Numerous terrorist groups, including the Haqqani Network (HQN), Lashkar e-Tayyiba (LeT), and Jaish-e-Mohammad (JeM), continued to operate from Pakistani soil in 2016. Although LeT is banned in Pakistan, LeT's wings Jamaat-ud-Dawa (JuD) and Falah-i-Insaniat Foundation (FiF) were able to openly engage in fundraising, including in the capital. LeT's chief Hafiz Saeed (a UN-designated terrorist) continued to address large rallies, although in February 2017, Pakistan proscribed him under relevant provisions of Schedule Four of the Anti-Terrorism Act, thus severely restricting his freedom of movement. The 2015 ban on media coverage of Saeed, JuD, and FiF continued and was generally followed by broadcast and print media. The Pakistani government did not publicly reverse its December 2015 declaration that neither JuD nor FiF is banned in Pakistan, despite their listing under UN sanctions regimes, although in January 2017, Pakistan placed both organizations "under observation" pursuant to Schedule Two of the Anti-Terrorism Act. While not a ban, this allows the government to closely scrutinize the activities of both organizations. On November 11, Pakistan's National Counterterrorism Authority published its own list of banned organizations that placed JuD in a separate section for groups that are "Under Observation," but not banned. Pakistan continued military operations to eradicate terrorist safe havens in the Federally Administered Tribal Areas, although their impact on all terrorist groups was uneven.

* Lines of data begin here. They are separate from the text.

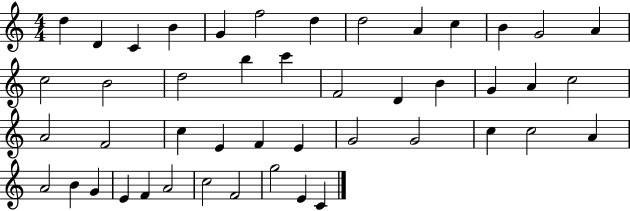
{
  \clef treble
  \numericTimeSignature
  \time 4/4
  \key c \major
  d''4 d'4 c'4 b'4 | g'4 f''2 d''4 | d''2 a'4 c''4 | b'4 g'2 a'4 | \break c''2 b'2 | d''2 b''4 c'''4 | f'2 d'4 b'4 | g'4 a'4 c''2 | \break a'2 f'2 | c''4 e'4 f'4 e'4 | g'2 g'2 | c''4 c''2 a'4 | \break a'2 b'4 g'4 | e'4 f'4 a'2 | c''2 f'2 | g''2 e'4 c'4 | \break \bar "|."
}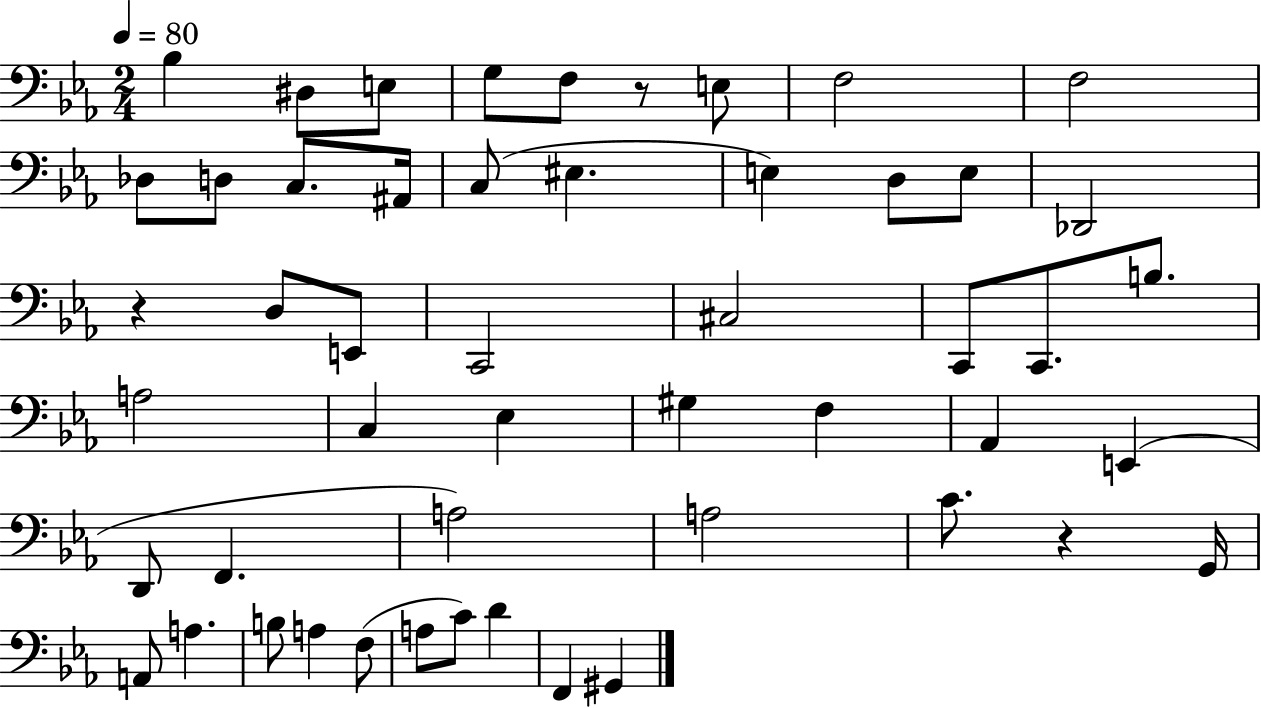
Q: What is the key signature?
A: EES major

Throughout 2016, the Government of Pakistan administered an Exit Control List intended to prevent terrorists from traveling abroad.

To combat weapons of mass destruction (WMD) trafficking, Pakistan harmonized its national control list with items controlled by the Nuclear Suppliers Group, and continued to harmonize its control lists with other multilateral regimes, such as the Missile Technology Control Regime and the Australia Group. Pakistan improved legal and regulatory cooperation, industry outreach, and nonproliferation awareness for the Strategic Export Control Division and Pakistani Customs. In addition to industry outreach, Pakistan also delivered technical trainings to licensing and enforcement officials for the proper detection, interdiction, and identification of dual-use commodities that could be used to create WMDs.

Pakistan was a constructive and active participant in the Nuclear Security Summit process and in the Global Initiative to Combat Nuclear Terrorism, and worked to strengthen its strategic trade controls, including updating its national export control list. The State Department's Export Control and Related Border Security (EXBS) Program increased the Government of Pakistan's enforcement capacity by sponsoring training for Pakistani Customs and the Strategic Export Control Division officials on how to properly identify strategic commodities of concern. These commodity identification and advanced interdiction trainings were implemented by the U.S. Department of Energy.

EXBS also sponsored regional collaboration through nonproliferation fellowships and cross-border coordination with Afghanistan through the UN Office of Drugs and Crime – World Customs Organization's Container Control Program (CCP). Under the CCP, training was provided to enhance the targeting of skills of port control unit officials at the Jalalabad border-crossing and encouraged sharing of customs data between countries.